Input data: Begin

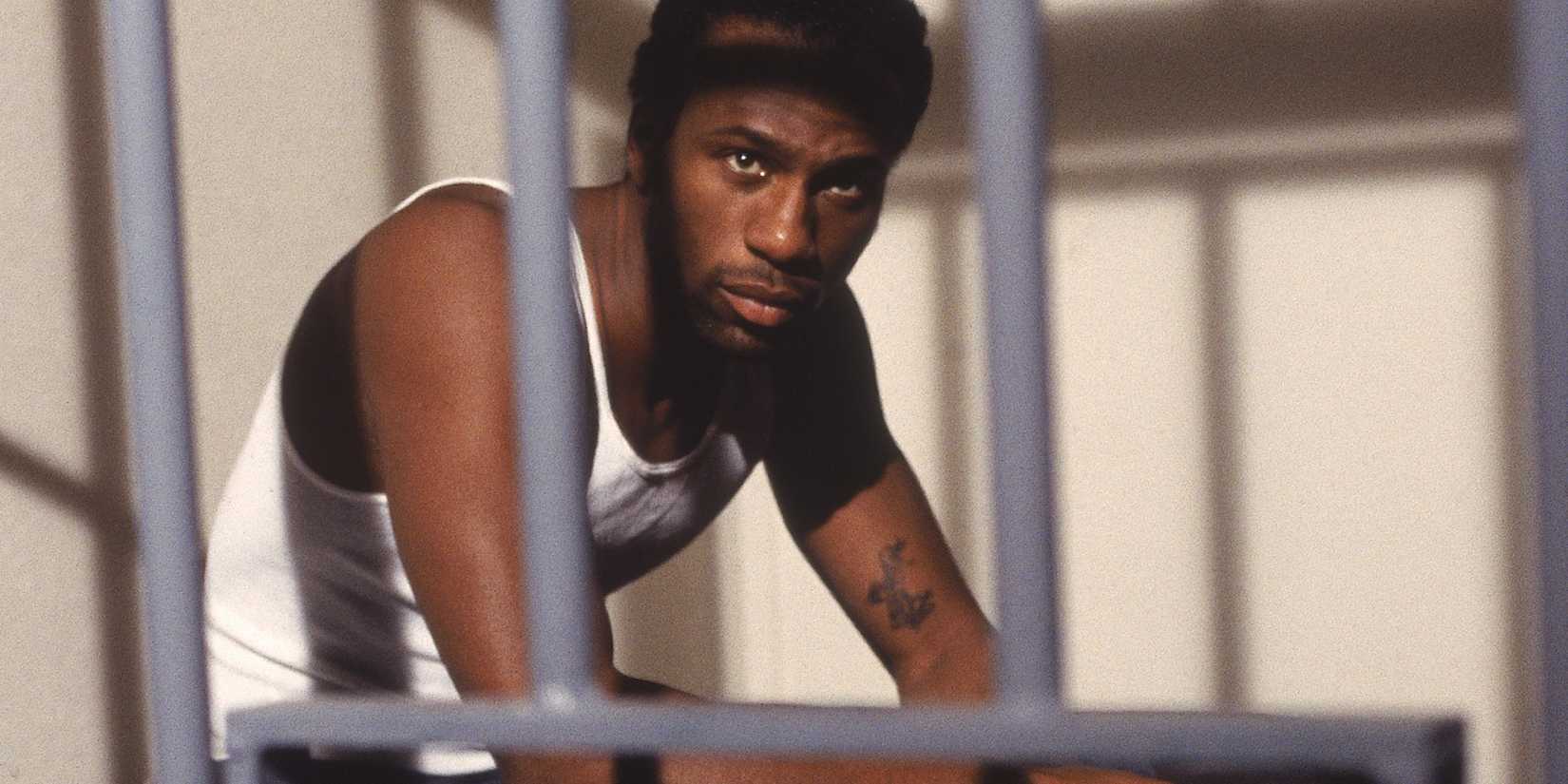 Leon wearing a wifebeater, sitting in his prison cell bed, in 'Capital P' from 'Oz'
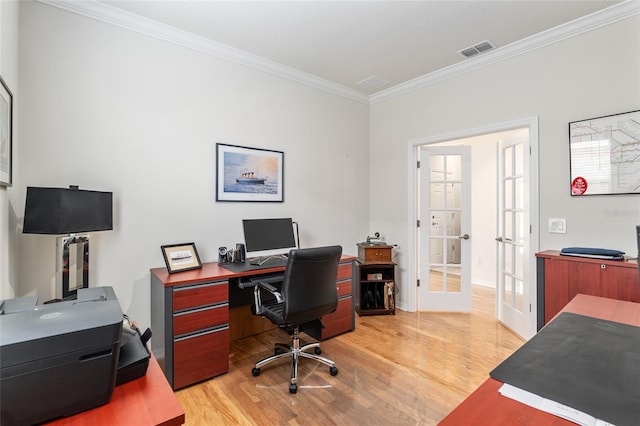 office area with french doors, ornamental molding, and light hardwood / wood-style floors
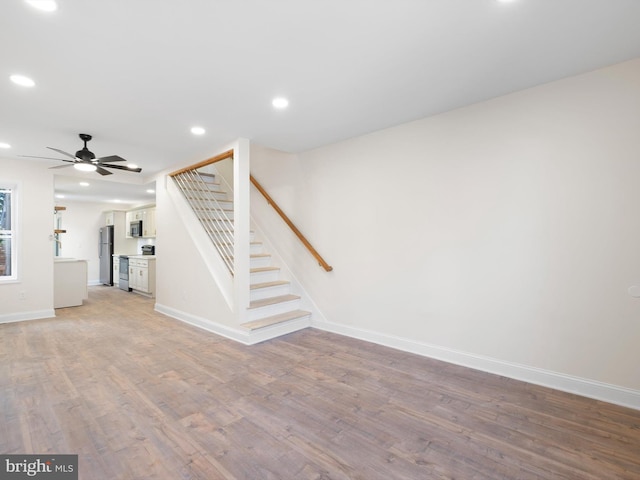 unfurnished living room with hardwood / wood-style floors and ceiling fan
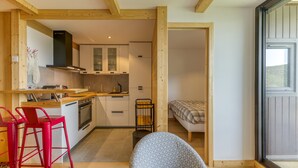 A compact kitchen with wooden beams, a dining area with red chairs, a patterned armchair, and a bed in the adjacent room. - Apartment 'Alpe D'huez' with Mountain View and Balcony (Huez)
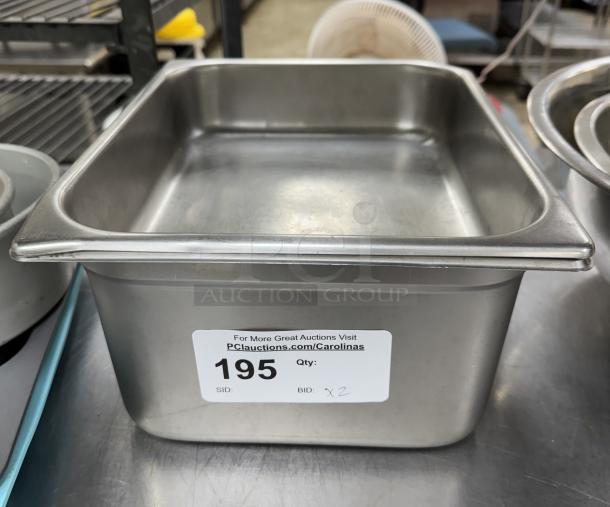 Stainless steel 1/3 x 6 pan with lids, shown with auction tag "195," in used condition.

Input data: End

What you need to do - Restate the material above word for word; pictures do not belong in the copy.

Solution to this problem -
 Leon wearing a wifebeater, sitting in his prison cell bed, in 'Capital P' from 'Oz'
 office area with french doors, ornamental molding, and light hardwood / wood-style floors
 unfurnished living room with hardwood / wood-style floors and ceiling fan
 A compact kitchen with wooden beams, a dining area with red chairs, a patterned armchair, and a bed in the adjacent room. - Apartment 'Alpe D'huez' with Mountain View and Balcony (Huez)
 Stainless steel 1/3 x 6 pan with lids, shown with auction tag "195," in used condition.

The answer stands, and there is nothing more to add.